Are Israeli academics complicit unless they speak out?
Circulates in boycott/solidarity networks as “silence is complicity,” sometimes framed as a presumption that Israeli scholars are complicit unless they explicitly denounce the state or its military actions. Often linked to PACBI/BDS rhetoric about institutional complicity and open letters urging strikes or public condemnations.
‘Holocaust used to justify genocide/silence all criticism’
Commentators argue Israeli leaders invoke Holocaust memory (‘Never again,’ ‘new Nazis’) to legitimize the Gaza war and that Holocaust/antisemitism frameworks (often via the IHRA definition) are deployed to brand critics as antisemitic, chilling debate. The claim frequently overstates by asserting ‘all’ criticism is silenced and by implying a legally established genocide.
Jenin 2002: ‘massacre comparable to genocide’

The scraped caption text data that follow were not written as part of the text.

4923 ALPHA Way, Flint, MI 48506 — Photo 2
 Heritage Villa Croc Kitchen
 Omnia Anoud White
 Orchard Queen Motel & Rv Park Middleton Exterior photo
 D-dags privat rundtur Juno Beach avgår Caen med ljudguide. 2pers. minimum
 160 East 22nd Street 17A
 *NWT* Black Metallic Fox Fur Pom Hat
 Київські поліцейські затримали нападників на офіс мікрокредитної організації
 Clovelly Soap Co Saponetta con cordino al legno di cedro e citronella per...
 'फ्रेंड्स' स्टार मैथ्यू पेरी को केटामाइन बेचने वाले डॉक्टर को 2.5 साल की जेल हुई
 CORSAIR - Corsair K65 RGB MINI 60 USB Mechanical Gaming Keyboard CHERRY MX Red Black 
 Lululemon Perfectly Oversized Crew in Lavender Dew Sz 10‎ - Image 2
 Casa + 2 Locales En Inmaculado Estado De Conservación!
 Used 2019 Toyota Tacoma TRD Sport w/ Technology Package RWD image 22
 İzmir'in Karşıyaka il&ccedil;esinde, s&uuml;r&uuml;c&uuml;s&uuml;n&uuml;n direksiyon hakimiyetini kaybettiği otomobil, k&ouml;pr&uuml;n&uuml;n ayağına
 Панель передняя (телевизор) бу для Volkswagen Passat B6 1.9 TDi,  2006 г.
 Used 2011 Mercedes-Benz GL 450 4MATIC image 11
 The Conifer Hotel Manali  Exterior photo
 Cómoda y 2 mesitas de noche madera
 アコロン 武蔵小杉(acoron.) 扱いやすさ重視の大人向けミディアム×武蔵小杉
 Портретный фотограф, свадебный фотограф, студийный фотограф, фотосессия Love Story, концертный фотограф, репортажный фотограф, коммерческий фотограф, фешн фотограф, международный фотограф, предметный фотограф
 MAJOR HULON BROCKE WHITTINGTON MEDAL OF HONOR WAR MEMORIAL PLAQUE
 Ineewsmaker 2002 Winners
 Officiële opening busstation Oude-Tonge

During Operation Defensive Shield (April 2002), intense combat occurred in Jenin refugee camp. Early allegations from Palestinian officials and some commentators claimed a large-scale ‘massacre,’ with rhetoric by a UK columnist referring to ‘genocide.’ Subsequent UN and NGO investigations documented serious violations and dozens of fatalities—not hundreds—and found no evidence of a civilian massacre or anything remotely comparable to genocide.